Она повела меня к небольшой роще в полукилометре от склонов. Между старыми березами кто-то соорудил шалаш из жердей и веток, выстланный внутри сухой травой и старыми одеялами.
— Это твое? — спросил я, заглядывая внутрь.
— Мое, — кивнула Катька, зажигая свечу в жестяном подсвечнике. — Иногда прихожу сюда, когда хочется побыть одной. Или не одной, — добавила она с многозначительной улыбкой.
В мерцающем свете свечи шалаш казался уютным и таинственным. Стены из переплетенных веток, пол, застланный мягкими одеялами, в углу корзинка с какими-то женскими принадлежностями.
— Хорошее убежище, — признал я, усаживаясь на одеяло.
— Да, здесь никто не мешает, — согласилась Катька, садясь рядом. — Можно делать все, что хочется.
Она придвинулась ближе, и я почувствовал знакомый аромат ее кожи, смешанный с запахом полевых цветов. В полумраке шалаша ее
глаза блестели особенно ярко.— Катя, — начал я, но она приложила палец к моим губам.
— Тише, — прошептала она. — Сегодня без разговоров.
На этот раз она была совсем другой, не торопливой и страстной, как в сеновале, а медленной, томной. Ее руки скользили по моему телу с неторопливой нежностью, изучая каждый изгиб, каждую мышцу.
— Ты такой напряженный, — шептала она, массируя мне плечи. — Все думаешь о своих землях да металлах. Нужно расслабиться.
Ее пальцы были волшебными. Они находили узелки напряжения в мышцах, разминали их, заставляя тело обмякнуть от удовольствия. Постепенно вся усталость дня, все заботы и проблемы куда-то исчезли.
— Лучше? — спросила Катька, склонившись надо мной.
— Намного лучше, — признался я, глядя в ее лицо в мерцающем свете свечи.
Теперь моя очередь. Я перевернул ее на спину, начал медленно расстегивать пуговицы платья. Катька лежала с закрытыми глазами, едва заметно улыбаясь. Когда ткань соскользнула с ее плеч, обнажив загорелое тело, я замер, пораженный ее красотой.
— Не останавливайся, — прошептала она, не открывая глаз.
Мои губы проследовали путь от ее шеи к ключицам, затем ниже. Она тихо застонала, когда я коснулся языком ее сосков, выгнулась, прижимаясь ближе.
— Витя… — прошептала она. — Какой же ты…
Но фразу не закончила, потому что мои губы опустились еще ниже. Катька вскрикнула, сжала мои волосы пальцами.
— Расслабься, — ответил я. — Доверься мне.

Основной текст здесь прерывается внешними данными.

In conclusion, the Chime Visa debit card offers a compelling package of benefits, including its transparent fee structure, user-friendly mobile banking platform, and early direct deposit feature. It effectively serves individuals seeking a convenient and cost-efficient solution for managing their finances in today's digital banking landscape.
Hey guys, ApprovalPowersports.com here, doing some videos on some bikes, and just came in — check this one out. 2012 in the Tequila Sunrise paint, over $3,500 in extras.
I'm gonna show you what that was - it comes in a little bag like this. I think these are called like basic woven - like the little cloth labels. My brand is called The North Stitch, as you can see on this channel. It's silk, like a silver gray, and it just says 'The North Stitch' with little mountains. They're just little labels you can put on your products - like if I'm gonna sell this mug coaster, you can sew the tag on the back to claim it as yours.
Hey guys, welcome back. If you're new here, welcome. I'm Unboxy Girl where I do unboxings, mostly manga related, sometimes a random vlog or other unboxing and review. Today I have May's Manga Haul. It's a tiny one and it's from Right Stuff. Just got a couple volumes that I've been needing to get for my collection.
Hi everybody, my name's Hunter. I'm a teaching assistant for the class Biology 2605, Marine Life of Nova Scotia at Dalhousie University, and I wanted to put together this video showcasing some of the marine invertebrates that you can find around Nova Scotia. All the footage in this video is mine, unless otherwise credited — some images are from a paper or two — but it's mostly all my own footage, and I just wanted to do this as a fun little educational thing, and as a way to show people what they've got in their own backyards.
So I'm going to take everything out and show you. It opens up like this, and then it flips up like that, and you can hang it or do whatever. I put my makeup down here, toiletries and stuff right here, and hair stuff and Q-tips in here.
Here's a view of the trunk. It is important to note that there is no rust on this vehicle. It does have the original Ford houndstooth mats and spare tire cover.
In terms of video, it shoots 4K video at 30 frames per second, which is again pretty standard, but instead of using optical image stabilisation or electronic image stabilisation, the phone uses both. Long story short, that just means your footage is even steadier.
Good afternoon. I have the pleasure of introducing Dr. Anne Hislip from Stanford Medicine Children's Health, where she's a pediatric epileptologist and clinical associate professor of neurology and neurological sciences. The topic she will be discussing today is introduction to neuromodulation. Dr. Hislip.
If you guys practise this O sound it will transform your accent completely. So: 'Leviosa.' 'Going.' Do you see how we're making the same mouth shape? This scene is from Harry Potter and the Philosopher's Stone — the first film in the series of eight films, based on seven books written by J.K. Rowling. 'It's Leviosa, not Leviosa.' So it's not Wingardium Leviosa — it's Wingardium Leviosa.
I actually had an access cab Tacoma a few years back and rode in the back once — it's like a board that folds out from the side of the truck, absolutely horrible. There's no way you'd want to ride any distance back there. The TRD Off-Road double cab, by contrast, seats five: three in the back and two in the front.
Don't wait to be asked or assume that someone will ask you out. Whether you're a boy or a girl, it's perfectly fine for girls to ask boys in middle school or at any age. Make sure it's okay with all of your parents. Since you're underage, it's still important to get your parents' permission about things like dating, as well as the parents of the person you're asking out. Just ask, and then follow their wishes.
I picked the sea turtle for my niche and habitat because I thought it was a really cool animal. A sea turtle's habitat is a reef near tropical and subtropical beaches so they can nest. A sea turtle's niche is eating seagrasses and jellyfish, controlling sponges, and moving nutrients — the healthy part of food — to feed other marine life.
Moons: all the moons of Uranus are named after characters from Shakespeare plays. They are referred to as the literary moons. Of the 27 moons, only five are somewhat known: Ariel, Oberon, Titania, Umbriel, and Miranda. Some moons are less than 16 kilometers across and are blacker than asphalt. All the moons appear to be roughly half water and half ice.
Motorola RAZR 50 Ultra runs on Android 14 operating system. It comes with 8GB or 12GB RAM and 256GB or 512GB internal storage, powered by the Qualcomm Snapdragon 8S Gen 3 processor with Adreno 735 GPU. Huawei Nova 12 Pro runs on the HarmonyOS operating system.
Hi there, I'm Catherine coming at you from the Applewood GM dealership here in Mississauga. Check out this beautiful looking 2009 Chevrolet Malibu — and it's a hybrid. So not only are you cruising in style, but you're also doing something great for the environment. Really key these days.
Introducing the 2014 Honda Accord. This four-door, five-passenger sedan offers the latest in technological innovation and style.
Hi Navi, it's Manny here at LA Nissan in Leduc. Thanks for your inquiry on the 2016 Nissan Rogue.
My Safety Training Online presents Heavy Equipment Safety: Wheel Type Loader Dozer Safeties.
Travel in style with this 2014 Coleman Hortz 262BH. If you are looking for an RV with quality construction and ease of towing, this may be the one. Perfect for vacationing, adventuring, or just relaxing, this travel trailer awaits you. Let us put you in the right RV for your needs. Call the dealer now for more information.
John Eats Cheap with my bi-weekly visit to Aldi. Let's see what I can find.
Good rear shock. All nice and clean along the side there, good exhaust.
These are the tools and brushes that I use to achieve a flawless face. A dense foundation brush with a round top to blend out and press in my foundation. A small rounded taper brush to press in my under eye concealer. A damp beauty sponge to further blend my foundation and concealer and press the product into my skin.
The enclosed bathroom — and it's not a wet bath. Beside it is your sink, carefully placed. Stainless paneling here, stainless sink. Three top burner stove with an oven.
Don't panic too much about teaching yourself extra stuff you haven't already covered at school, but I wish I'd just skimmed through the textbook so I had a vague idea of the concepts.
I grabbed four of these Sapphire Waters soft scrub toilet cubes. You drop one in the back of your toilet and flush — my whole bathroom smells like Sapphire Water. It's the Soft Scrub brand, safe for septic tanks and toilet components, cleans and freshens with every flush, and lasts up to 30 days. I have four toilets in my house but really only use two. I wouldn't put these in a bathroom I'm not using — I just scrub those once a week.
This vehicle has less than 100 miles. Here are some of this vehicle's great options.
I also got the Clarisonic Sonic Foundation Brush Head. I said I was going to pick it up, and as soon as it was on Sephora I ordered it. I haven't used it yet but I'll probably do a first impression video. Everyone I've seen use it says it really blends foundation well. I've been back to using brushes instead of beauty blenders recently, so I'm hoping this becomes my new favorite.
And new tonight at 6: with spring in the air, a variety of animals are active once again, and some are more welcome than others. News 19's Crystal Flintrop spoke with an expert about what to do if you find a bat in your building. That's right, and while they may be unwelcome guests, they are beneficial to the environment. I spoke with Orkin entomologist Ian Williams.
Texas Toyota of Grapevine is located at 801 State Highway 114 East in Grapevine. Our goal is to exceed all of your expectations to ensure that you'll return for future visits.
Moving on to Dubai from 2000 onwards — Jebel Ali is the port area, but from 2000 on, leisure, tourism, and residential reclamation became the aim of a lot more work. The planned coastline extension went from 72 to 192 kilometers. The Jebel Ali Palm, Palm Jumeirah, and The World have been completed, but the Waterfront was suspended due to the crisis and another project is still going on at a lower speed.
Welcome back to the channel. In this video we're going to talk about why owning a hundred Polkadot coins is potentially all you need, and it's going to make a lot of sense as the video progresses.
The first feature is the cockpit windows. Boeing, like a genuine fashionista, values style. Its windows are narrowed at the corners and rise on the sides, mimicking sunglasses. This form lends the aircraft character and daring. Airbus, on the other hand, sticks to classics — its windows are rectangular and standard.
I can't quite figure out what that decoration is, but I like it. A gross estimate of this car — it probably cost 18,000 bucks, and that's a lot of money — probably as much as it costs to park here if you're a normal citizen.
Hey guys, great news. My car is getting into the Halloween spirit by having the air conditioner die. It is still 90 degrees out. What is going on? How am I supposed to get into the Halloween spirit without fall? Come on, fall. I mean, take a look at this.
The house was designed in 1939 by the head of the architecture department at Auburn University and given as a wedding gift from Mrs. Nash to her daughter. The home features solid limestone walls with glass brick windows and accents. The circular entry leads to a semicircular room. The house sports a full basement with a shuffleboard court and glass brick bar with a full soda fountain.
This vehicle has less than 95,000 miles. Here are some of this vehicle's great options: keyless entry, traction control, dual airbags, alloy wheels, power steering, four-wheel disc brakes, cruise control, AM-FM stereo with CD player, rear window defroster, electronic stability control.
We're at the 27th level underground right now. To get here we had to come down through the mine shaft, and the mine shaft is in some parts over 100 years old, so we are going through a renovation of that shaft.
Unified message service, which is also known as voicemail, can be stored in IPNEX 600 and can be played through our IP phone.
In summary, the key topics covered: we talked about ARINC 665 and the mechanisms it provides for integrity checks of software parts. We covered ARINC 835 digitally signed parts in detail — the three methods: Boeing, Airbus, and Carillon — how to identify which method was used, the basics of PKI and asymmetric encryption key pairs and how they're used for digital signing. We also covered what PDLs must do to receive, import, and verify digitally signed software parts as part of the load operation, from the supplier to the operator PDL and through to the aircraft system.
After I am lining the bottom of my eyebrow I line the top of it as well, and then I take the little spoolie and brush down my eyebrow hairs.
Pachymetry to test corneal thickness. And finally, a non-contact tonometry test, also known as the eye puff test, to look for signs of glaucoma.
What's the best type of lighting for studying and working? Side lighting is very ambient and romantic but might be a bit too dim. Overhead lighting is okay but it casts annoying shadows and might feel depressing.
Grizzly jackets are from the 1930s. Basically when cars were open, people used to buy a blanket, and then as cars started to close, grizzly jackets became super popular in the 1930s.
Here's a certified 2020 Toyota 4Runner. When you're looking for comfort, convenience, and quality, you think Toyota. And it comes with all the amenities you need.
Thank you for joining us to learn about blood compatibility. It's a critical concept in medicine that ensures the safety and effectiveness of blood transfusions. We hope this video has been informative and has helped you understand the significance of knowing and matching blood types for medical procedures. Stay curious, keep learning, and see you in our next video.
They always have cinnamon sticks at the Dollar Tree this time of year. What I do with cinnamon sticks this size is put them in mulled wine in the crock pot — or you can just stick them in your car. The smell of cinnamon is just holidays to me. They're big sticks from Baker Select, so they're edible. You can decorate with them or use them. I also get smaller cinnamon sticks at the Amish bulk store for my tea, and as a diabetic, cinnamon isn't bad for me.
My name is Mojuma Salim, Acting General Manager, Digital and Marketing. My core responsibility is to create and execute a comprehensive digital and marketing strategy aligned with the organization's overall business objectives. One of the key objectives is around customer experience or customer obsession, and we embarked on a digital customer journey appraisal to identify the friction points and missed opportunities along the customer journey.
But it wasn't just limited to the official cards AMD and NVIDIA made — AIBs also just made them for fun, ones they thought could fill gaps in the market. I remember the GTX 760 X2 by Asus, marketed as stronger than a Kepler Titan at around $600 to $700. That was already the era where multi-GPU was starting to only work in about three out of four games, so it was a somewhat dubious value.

Поначалу она напряглась, но постепенно начала поддаваться новым ощущениям. Ее дыхание участилось, бедра начали двигаться в такт моим ласкам. Через несколько минут она уже не сдерживалась, стонала в голос, прижимая меня к себе.
— Боже… что ты со мной делаешь… — шептала она между вздохами.
Когда волна накрыла ее, Катька выгнулась дугой, вскрикнула так громко, что птицы в ближайших кустах встревоженно зашелестели крыльями. Потом обмякла, тяжело дыша.
— Никто… никто мне не делал так хорошо, — прошептала она, когда дыхание немного восстановилось. — Откуда ты это знаешь?
— Интуция, — улыбнулся я, целуя ее в губы.
— Какая интуция, — засмеялась она, обнимая меня. — Просто ты не такой, как наши мужики. Те только о себе думают, а ты…
Она не договорила, потянулась к моим губам. Поцелуй получился долгим и нежным. А потом Катька перевернулась, оказавшись сверху.
— Теперь моя очередь тебя удивлять, — шепнула она, склоняясь к моей груди.
То, что последовало дальше, превзошло все мои ожидания. Катька оказалась не только страстной, но и удивительно изобретательной любовницей. Она знала такие способы доставить удовольствие, о которых я даже не подозревал.
Когда мы наконец соединились, это было похоже не на грубую страсть, а на медленный танец. Она двигалась надо мной с грацией опытной наездницы, контролируя ритм, направляя наши ощущения.